### Material for the task:
....................

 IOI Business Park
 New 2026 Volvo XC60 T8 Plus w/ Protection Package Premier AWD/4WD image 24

....................

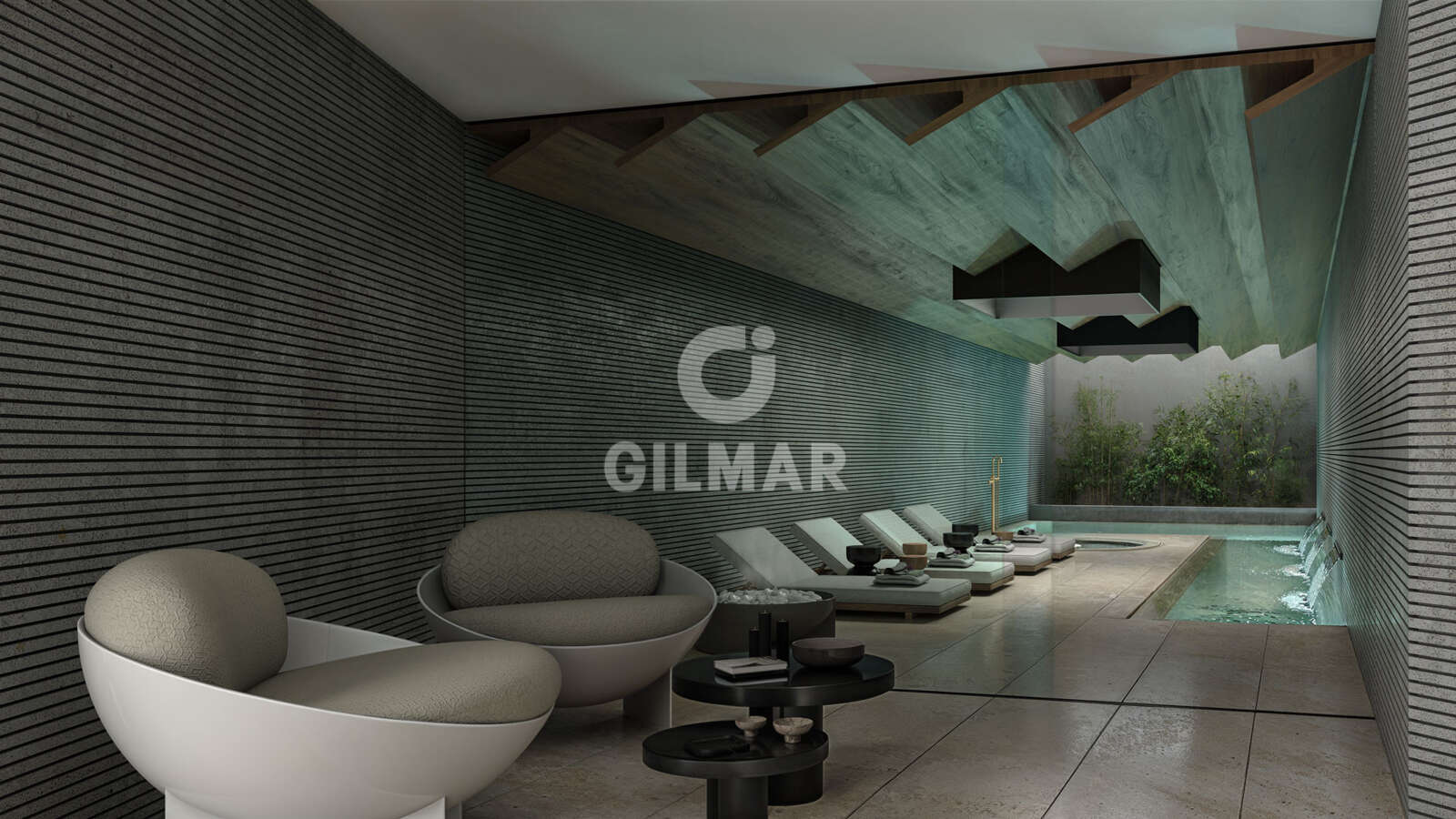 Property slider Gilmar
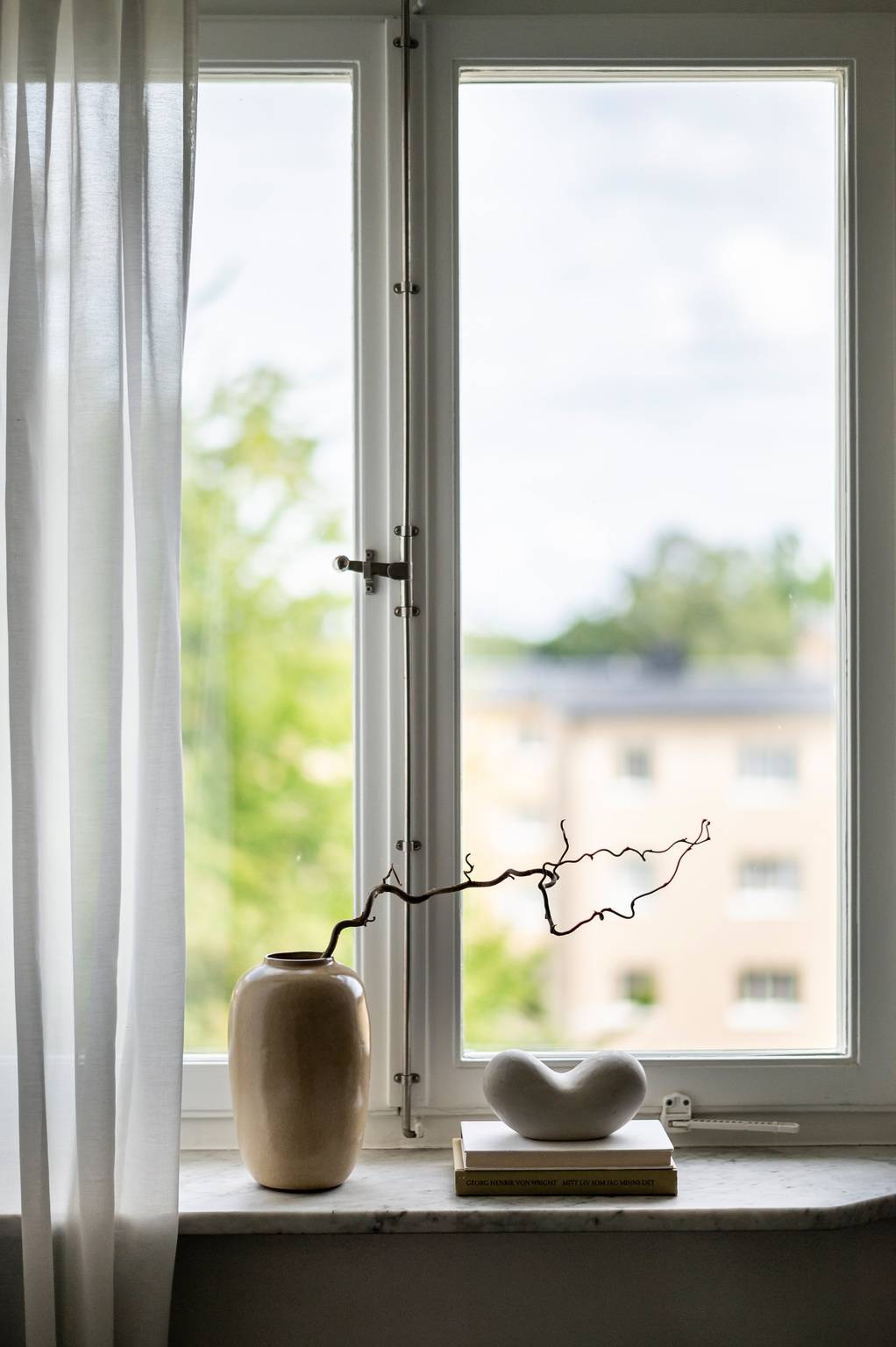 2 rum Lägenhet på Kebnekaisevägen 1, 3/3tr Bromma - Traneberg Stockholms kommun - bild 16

....................

### Work to complete:
Return only the stretch of the material above from the line holding "IOI Business Park" through the line holding "New 2026 Volvo", copied exactly.

### Answer to the exercise:
 IOI Business Park
 New 2026 Volvo XC60 T8 Plus w/ Protection Package Premier AWD/4WD image 24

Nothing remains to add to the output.